Re: [RFC][PATCH 2/2] PM / sleep: Kick devices that might have been reset by firmware
From: Alan Stern
Date: Thu Oct 01 2015 - 10:47:34 EST
On Wed, 30 Sep 2015, Rafael J. Wysocki wrote:
> > If that's so then won't this change defeat all the work being done by
> > people trying to prevent unneeded runtime resumes during system resume?
> > direct_complete would be useful only on non-ACPI systems.
>
> To me at least the main motivation for direct_complete was to avoid unneeded
> runtime resumes during system suspend and this patch doesn't change that.

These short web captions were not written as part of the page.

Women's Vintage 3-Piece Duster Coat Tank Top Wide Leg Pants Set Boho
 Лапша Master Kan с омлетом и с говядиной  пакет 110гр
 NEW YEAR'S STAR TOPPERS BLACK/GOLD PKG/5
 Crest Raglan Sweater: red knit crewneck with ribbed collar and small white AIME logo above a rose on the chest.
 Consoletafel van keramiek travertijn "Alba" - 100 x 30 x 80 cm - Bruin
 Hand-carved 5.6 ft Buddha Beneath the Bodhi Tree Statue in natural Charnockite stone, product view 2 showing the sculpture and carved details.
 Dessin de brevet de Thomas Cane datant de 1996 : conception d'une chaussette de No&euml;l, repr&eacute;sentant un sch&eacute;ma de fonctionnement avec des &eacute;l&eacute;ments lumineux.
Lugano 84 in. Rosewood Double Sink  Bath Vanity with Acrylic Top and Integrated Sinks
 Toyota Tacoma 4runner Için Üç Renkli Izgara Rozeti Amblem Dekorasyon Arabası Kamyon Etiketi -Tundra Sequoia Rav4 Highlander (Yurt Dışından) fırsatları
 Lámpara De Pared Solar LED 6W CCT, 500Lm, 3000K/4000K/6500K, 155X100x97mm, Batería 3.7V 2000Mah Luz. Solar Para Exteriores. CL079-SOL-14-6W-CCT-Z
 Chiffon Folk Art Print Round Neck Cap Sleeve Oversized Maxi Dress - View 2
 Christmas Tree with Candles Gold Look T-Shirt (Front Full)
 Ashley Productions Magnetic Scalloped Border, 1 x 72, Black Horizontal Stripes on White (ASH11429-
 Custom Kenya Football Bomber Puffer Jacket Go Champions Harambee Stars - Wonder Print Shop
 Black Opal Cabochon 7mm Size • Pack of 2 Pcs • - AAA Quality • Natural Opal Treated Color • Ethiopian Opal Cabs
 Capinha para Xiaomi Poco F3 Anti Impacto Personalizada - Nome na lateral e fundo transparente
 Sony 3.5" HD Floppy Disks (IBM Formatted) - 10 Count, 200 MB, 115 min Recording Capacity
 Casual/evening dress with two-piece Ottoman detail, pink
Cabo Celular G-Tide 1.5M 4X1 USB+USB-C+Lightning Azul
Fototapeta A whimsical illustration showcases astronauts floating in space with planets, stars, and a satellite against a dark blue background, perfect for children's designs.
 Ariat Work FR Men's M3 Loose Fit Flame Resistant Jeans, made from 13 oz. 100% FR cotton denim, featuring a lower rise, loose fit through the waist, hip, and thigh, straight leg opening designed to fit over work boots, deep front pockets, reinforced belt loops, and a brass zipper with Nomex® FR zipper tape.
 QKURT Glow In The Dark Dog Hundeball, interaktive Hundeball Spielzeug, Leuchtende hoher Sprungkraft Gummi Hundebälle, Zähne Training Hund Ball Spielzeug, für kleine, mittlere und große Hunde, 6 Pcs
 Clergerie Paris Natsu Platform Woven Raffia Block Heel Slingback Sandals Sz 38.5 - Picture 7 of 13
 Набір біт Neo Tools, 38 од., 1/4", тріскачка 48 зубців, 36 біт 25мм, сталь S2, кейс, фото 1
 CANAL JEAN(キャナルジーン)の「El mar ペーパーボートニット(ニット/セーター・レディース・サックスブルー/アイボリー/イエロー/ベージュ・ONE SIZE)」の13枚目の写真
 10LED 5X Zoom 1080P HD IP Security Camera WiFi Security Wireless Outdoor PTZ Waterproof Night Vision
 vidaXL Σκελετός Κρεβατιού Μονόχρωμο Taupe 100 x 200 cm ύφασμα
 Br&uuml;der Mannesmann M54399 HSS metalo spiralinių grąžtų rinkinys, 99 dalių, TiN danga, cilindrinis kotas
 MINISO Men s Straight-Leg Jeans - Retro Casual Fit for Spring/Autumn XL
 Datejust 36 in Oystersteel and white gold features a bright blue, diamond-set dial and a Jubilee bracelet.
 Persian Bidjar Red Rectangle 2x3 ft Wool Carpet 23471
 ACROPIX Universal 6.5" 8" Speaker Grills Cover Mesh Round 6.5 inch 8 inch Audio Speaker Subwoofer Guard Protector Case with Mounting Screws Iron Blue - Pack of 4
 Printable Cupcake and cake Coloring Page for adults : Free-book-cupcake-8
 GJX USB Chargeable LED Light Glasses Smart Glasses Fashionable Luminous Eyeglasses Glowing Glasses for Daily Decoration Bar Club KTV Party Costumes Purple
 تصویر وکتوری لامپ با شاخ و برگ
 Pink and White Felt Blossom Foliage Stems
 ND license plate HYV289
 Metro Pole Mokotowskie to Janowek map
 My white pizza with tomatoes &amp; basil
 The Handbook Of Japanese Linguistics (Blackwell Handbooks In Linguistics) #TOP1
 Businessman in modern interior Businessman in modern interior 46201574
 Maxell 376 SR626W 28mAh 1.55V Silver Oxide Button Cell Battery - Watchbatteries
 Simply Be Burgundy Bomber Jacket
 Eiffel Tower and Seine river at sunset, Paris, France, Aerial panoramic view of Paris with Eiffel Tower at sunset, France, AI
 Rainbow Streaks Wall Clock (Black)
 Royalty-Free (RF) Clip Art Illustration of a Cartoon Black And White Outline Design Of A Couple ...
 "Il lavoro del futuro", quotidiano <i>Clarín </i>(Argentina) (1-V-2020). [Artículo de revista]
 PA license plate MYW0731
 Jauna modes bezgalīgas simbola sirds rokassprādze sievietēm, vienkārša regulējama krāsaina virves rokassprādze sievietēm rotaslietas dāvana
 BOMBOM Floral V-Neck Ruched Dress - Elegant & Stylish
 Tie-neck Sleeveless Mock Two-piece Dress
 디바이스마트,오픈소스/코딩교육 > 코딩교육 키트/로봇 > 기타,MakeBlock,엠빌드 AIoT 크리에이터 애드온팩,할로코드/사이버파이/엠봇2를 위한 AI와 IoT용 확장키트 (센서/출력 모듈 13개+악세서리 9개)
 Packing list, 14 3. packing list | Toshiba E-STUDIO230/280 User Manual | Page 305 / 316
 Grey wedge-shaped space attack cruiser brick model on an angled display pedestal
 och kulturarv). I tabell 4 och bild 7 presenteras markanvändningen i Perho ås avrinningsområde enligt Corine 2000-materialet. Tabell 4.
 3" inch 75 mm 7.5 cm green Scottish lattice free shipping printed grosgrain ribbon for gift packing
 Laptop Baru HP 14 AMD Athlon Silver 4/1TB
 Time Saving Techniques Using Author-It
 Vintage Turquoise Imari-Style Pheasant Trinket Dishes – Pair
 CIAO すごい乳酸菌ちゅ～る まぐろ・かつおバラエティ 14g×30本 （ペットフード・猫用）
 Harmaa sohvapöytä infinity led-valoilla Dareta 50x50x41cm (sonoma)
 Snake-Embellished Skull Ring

I always thought that at least part of the motivation was to allow
devices to remain in runtime suspend throughout an entire system sleep
transition: The device starts out in runtime suspend before the
system goes to sleep and it is still in runtime suspend after the
system wakes up.
> Moreover, there is a difference between scheduling an asynchronous runtime
> resume during system resume and doing a synchrouous runtime resume at that
> point. In the latter case the resume process has to wait for the runtime
> resume to complete, while in the former case we can get to thawing user
> space while the scheduled runtime resume is in progress (or even still
> waiting for that matter).
True. However, in practice what generally happened (before you
introduced direct_complete) is that the device would get set back to
full power during the system resume, just as though it had not been in
runtime suspend before the system went to sleep.
If the device uses async suspend/resume then this is not quite as bad
as doing a synchronous runtime resume. But as you say, it's still not
as good as doing an async runtime resume, so I guess the effects of
your patch aren't quite as bad as I thought at first.
> This means that direct_complete would be useful even for S3 transitions
> with this patch applied. Not to mention the suspend-to-idle case in which
> the resume really doesn't go through the firmware.
Certainly.
> That said, perhaps the check as proposed is too coarse-grained. We need to
> do something like this in the ACPI PM domain code (and we do it already) and
> for PCI devices that are likely to be affected by the issue at hand. So
> what about the appended patch (on top of https://patchwork.kernel.org/patch/7291711/)
> instead?
It seems reasonable. If it turns out that more drivers need to check
for firmware interference, we can add them in later on.